[Your instructions]: Go to the line that contains "stock image Pouring" in the listing below, then output it and every line after it exactly, omitting pictures.

[Material provided]:
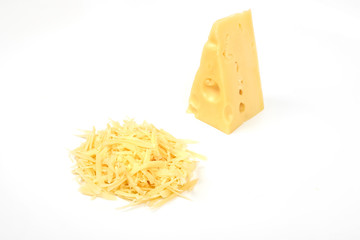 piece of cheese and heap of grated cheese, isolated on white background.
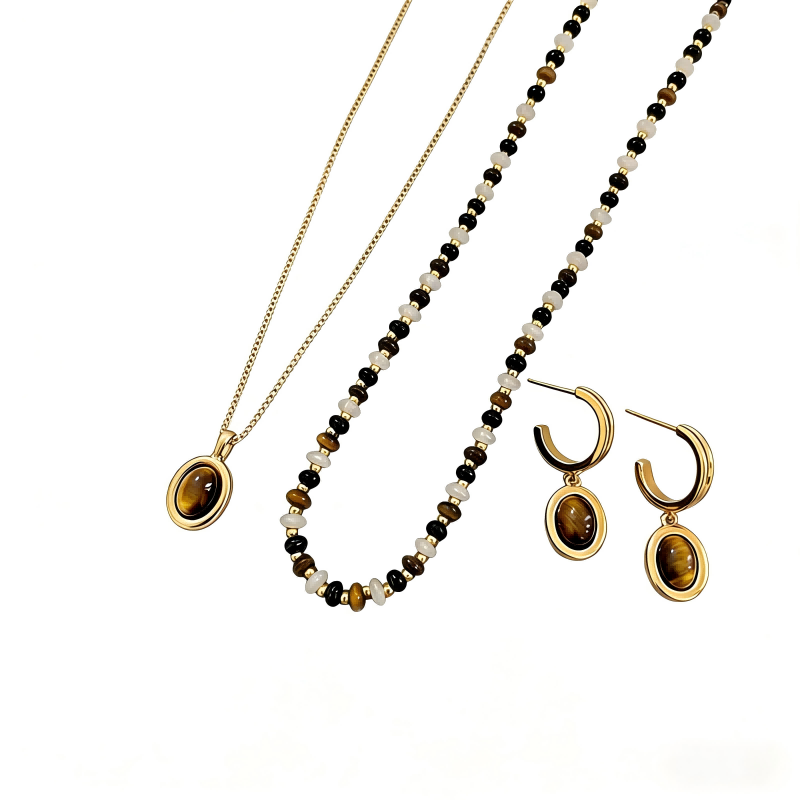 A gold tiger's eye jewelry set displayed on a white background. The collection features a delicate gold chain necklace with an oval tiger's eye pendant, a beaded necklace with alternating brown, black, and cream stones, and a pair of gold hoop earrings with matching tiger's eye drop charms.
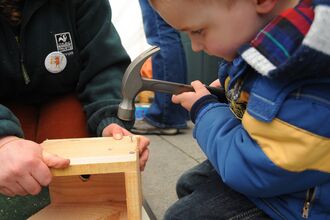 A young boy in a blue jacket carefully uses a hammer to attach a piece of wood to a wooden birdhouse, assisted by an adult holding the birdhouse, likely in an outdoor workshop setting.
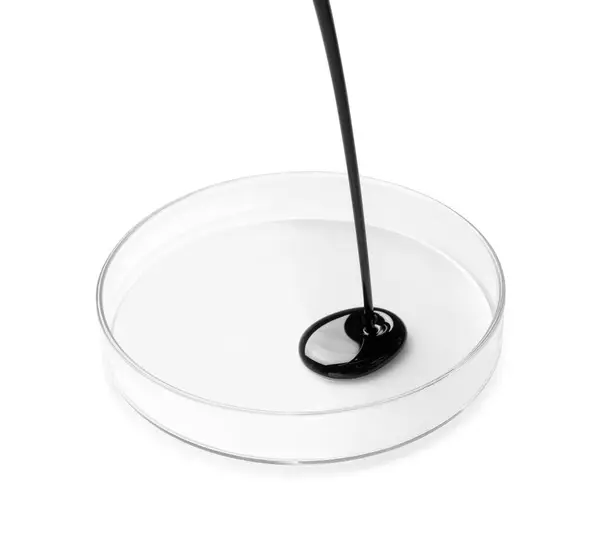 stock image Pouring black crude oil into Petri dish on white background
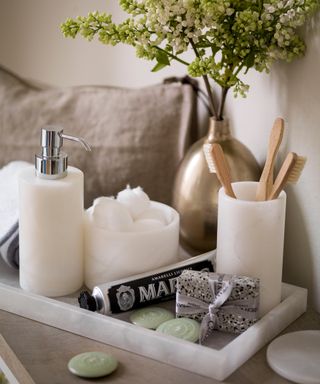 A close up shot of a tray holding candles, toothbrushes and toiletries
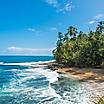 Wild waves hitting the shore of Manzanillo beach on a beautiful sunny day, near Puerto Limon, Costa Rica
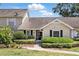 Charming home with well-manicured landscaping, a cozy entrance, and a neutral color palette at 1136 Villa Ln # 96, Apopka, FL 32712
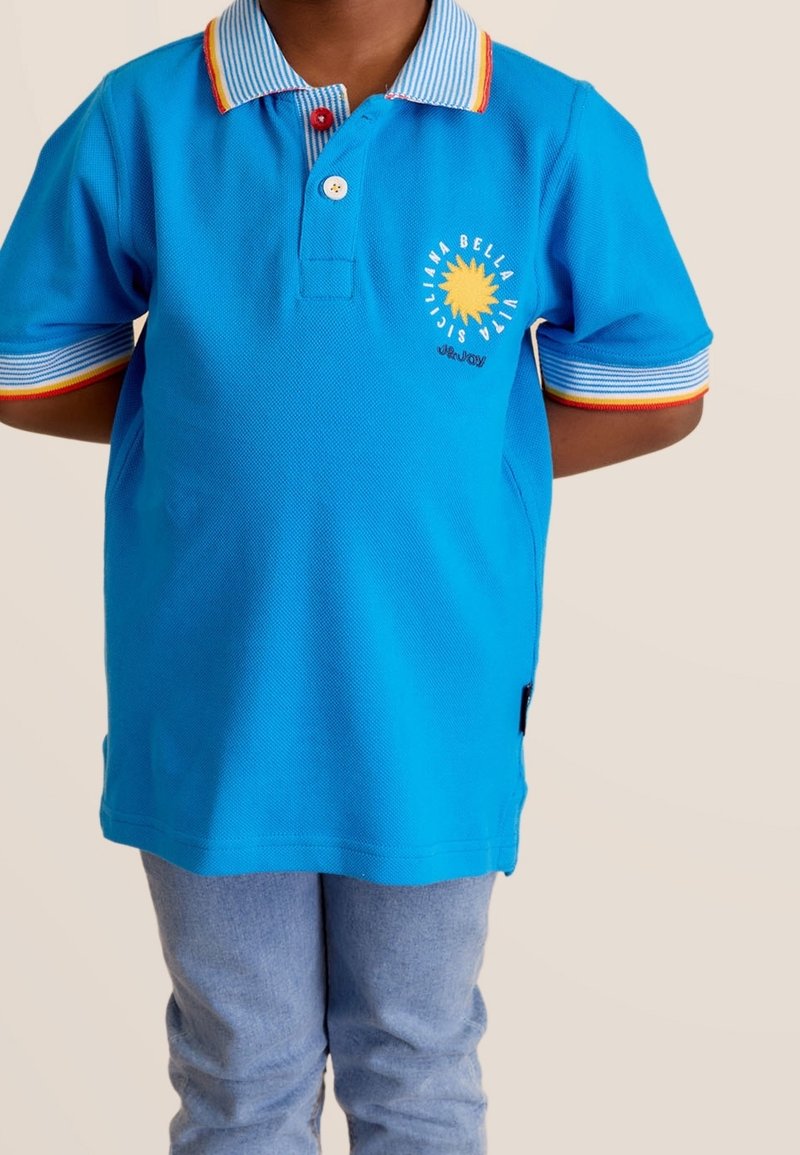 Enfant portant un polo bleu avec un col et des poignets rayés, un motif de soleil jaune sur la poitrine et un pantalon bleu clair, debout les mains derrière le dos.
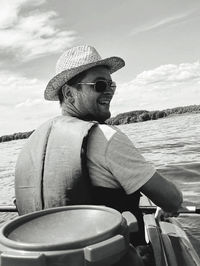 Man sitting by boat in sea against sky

[Your solution]:
 stock image Pouring black crude oil into Petri dish on white background
 A close up shot of a tray holding candles, toothbrushes and toiletries
 Wild waves hitting the shore of Manzanillo beach on a beautiful sunny day, near Puerto Limon, Costa Rica
 Charming home with well-manicured landscaping, a cozy entrance, and a neutral color palette at 1136 Villa Ln # 96, Apopka, FL 32712
 Enfant portant un polo bleu avec un col et des poignets rayés, un motif de soleil jaune sur la poitrine et un pantalon bleu clair, debout les mains derrière le dos.
 Man sitting by boat in sea against sky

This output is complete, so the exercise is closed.